Geide (youstupidrelativists.com), Dr Bartlet (www.youtube.com/watch?v=f-QA2rkpBSY), and Klaus Dona (www.youtube.com/watch?v=XmMwo1Xzgus) are the easiest to check out. Geide's chapters on population take about 30 minutes altogether. Al and Klaus will each require about an hour.
Fred Hoyle's books are short and can be read in about 2-3 hrs each if you read in excess of 300wpm. I found them on the city's public library consortium and posted a request.
A must read is The Cycle of Cosmic Catastrophes and Civilization One. The first is one of the best scientific treatments of geology in publication. The second is just about as good. Both render a fairly solid foundation for the argument we--the current specie of man--lived during and before the last ice age, and that during that period man attained a fairly complex civilization.

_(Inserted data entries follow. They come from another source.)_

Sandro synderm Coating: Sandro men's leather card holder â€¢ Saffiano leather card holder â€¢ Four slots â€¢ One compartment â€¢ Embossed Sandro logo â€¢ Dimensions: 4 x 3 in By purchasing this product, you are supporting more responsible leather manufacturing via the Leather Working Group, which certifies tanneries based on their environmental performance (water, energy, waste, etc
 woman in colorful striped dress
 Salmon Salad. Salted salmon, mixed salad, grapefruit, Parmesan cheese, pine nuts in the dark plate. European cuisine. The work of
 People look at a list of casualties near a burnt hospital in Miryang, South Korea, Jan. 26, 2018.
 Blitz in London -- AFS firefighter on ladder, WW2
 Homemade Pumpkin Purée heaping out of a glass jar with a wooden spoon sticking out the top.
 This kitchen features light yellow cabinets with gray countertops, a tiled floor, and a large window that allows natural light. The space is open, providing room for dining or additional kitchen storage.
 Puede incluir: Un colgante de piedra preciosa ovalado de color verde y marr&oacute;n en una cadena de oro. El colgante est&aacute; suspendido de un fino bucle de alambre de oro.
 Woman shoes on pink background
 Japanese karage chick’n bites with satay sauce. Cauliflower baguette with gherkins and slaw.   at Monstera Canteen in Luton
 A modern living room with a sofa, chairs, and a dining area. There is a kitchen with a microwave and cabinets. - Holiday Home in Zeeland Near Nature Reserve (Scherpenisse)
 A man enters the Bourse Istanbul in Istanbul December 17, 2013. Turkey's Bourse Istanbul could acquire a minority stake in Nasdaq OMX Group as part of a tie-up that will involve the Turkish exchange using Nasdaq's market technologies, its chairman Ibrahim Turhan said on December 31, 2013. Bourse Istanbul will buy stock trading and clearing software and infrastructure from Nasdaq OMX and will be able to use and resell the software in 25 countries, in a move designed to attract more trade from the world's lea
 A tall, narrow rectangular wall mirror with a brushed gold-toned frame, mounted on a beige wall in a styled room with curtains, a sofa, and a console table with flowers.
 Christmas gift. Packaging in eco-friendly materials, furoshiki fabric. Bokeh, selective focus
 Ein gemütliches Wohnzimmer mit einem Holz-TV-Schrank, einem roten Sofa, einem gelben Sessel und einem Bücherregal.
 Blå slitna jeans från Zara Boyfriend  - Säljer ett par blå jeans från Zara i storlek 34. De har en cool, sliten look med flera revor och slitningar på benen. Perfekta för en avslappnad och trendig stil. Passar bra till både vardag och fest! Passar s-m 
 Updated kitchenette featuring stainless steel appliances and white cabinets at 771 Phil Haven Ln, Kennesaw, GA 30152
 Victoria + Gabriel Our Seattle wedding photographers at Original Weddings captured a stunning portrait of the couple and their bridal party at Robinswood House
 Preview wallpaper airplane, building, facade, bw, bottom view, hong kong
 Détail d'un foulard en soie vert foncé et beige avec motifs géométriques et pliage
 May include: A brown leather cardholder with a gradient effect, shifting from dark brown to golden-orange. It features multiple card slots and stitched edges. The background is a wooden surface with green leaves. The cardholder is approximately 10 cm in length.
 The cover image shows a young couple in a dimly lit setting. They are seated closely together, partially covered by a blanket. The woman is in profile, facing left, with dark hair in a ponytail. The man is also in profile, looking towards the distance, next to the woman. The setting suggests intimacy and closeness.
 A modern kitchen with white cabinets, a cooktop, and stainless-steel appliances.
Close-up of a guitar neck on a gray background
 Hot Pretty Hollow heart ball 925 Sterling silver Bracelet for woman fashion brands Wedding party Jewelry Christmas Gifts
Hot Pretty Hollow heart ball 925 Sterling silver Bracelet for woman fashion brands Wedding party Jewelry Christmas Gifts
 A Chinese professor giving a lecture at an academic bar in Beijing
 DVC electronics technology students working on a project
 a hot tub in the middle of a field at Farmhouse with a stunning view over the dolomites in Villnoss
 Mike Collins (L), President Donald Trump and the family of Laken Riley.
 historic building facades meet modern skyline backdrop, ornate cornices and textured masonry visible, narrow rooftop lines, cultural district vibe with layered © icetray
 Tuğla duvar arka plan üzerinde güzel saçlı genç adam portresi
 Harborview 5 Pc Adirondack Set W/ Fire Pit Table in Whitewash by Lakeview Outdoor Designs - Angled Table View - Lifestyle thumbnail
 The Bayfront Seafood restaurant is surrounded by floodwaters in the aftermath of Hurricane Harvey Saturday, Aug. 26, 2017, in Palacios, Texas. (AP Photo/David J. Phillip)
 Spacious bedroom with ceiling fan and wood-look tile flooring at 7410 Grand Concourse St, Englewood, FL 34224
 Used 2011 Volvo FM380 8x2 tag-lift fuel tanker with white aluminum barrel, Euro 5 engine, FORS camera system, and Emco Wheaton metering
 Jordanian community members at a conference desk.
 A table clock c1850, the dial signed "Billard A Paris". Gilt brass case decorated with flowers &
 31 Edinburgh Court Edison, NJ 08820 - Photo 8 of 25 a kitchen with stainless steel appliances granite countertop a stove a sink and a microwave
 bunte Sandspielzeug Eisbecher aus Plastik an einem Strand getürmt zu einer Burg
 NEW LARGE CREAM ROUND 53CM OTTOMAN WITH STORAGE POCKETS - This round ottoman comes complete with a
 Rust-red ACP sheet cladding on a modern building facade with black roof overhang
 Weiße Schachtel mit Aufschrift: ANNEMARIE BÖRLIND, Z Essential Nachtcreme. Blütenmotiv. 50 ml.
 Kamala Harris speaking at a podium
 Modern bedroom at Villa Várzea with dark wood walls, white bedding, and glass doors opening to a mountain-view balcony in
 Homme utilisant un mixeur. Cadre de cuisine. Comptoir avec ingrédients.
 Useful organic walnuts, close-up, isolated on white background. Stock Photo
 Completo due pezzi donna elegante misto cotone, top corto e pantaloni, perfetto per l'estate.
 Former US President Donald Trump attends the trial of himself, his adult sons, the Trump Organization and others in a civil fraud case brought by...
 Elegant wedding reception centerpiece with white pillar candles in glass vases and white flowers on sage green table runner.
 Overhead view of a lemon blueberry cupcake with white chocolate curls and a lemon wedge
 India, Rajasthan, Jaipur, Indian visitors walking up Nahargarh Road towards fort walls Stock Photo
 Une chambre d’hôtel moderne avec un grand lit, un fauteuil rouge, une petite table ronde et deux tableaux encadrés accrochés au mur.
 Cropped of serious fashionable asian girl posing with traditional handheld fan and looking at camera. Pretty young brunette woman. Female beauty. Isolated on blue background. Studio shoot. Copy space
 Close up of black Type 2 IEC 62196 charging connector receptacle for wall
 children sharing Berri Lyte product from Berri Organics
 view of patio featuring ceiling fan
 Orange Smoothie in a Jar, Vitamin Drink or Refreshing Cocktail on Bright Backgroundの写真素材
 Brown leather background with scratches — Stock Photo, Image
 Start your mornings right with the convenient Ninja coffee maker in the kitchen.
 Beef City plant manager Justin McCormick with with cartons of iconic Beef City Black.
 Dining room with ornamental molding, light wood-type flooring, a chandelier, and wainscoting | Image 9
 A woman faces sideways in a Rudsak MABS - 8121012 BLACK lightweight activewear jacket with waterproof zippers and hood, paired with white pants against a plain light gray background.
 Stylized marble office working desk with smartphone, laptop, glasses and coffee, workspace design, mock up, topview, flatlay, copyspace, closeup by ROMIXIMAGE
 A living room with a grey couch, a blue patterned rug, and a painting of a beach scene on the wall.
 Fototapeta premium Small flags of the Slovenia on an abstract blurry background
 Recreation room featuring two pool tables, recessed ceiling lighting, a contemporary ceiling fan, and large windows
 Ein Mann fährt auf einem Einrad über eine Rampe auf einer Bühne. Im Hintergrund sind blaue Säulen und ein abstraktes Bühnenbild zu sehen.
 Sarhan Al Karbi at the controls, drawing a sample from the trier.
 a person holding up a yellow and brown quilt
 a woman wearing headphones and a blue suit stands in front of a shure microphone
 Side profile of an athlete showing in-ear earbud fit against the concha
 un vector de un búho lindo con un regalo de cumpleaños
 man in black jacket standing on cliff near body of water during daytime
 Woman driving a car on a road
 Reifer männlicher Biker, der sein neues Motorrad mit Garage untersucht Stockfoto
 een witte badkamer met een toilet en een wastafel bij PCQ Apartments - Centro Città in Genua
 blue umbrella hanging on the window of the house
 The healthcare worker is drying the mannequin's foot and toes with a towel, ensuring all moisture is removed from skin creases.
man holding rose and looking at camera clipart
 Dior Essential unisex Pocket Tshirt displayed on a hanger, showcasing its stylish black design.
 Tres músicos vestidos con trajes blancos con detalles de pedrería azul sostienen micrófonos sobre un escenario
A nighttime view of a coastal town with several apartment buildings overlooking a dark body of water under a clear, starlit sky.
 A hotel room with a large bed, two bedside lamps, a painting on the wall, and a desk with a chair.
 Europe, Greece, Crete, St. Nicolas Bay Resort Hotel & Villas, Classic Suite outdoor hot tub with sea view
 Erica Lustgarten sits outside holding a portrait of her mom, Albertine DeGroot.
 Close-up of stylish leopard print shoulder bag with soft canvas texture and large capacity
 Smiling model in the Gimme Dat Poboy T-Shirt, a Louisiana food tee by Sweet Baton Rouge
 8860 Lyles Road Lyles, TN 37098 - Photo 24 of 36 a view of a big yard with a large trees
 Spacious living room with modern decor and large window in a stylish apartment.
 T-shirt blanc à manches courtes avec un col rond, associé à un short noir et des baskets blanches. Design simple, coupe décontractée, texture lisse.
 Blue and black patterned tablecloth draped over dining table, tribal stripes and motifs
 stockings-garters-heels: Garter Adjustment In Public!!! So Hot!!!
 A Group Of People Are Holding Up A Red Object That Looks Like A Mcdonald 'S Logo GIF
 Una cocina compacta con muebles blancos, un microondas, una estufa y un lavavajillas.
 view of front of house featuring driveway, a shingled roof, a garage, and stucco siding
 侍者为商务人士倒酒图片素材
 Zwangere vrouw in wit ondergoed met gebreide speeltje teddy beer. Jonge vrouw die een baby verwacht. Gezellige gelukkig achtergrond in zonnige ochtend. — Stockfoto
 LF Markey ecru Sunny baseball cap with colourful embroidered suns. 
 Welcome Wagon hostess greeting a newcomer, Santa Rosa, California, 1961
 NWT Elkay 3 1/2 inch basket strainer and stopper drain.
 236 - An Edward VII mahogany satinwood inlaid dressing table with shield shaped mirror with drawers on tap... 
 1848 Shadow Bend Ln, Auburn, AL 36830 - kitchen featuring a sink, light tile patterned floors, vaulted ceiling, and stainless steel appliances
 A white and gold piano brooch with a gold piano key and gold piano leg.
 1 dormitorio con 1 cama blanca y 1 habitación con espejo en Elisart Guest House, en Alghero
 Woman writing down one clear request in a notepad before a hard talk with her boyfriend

The others have useful information, but a lot more gleaning is necessary. There is a lot of speculation instead of real science in the other books, but enough data to get one thinking. And that is the most important part. I am not interested in speculation, sensationalism, or Chicken Little apocalypticism. Nor am I interested in green or gray aliens involved in man's past, simply for the reasons outlined in Space Travel (Bova & Lewis). The only way we can grasp how BIG our galaxy is, is with mathematics. Just as surely as Bartlett's simple equations show we are in deep trouble, simple equations also show that space travel by any method of applied physics we can come up with precludes celestial Visitors.